L’obiettivo è di supportare le forze armate georgiane nel combattere le
cellule di al-Qaeda raggruppatesi nel Pankisi Gorge, una zona montagnosa
e selvaggia al confine con la Cecenia dove potrebbe aver trovato rifugio
anche Osama bin Laden. Secondo molti osservatori si tratta
dell’apertura, sorprendente, di un terzo fronte nella guerra contro il
terrorismo, dopo quello afgano e quello filippino. Un fronte che
potrebbe portare a un raffreddamento dei rapporti con la Russia di Putin
che, pur alleata degli Stati Uniti dopo gli attacchi dell’11 settembre,
non gradirebbe una ulteriore presenza di truppe americane sul territorio
ex sovietico. Tanto più che tra Russia e Georgia non è mai corso buon
sangue e Shevardnadze ha ripetutamente accusato i dirigenti di Mosca di
voler riassorbire la repubblica indipendente.

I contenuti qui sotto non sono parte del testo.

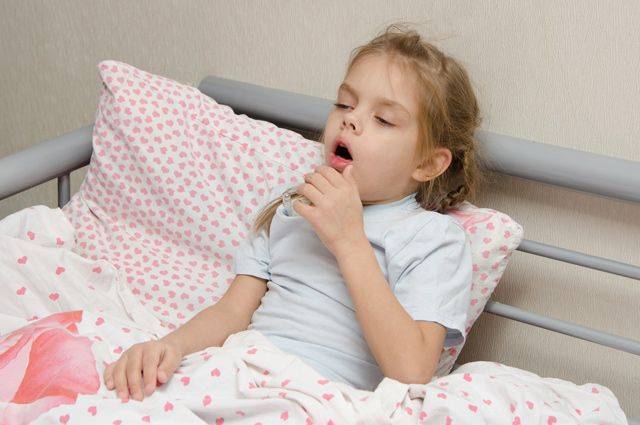Какой дать антибиотик ребенку затяжной насморк и кашель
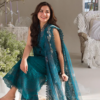Sobia Nazir Luxury Lawn 2025 Stitched Suit SNL25-2A Price  $220 CAD  $135 USD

Ma equilibri ex sovietici a parte, la guerra al terrorismo è da tempo
entrata in una fase più nascosta, peraltro già annunciata dal presidente
americano Bush. Sarà una guerra lunga, aveva detto alla vigilia
dell’attacco all’Afghanistan, nella quale si alterneranno fasi visibili
a fasi invisibili. Dopo la caduta di Kabul si è aperta una nuova
stagione, assai delicata, nella quale politica diplomatica e attività
militare si mescolano, spesso con alterna intensità, non sempre con
grande evidenza. Attualmente, sul piano militare, sembra prevalere la
strategia di appoggiare, con risorse umane e con armamenti, quegli
eserciti in lotta contro le cellule del terrorismo. E’ stato il caso
delle Filippine, è adesso quello della Georgia. “Dovunque al-Qaeda
eserciti la sua influenza - ha ribadito George Bush - noi daremo la
caccia ai suoi membri e li consegneremo alla giustizia”. Anche a costo
di irritare i nuovi alleati che, come i russi, non possono digerire una
presenza americana che si intensifica in un’area come quella caucasica
importante anche sul piano geoeconomico per la presenza di oleodotti.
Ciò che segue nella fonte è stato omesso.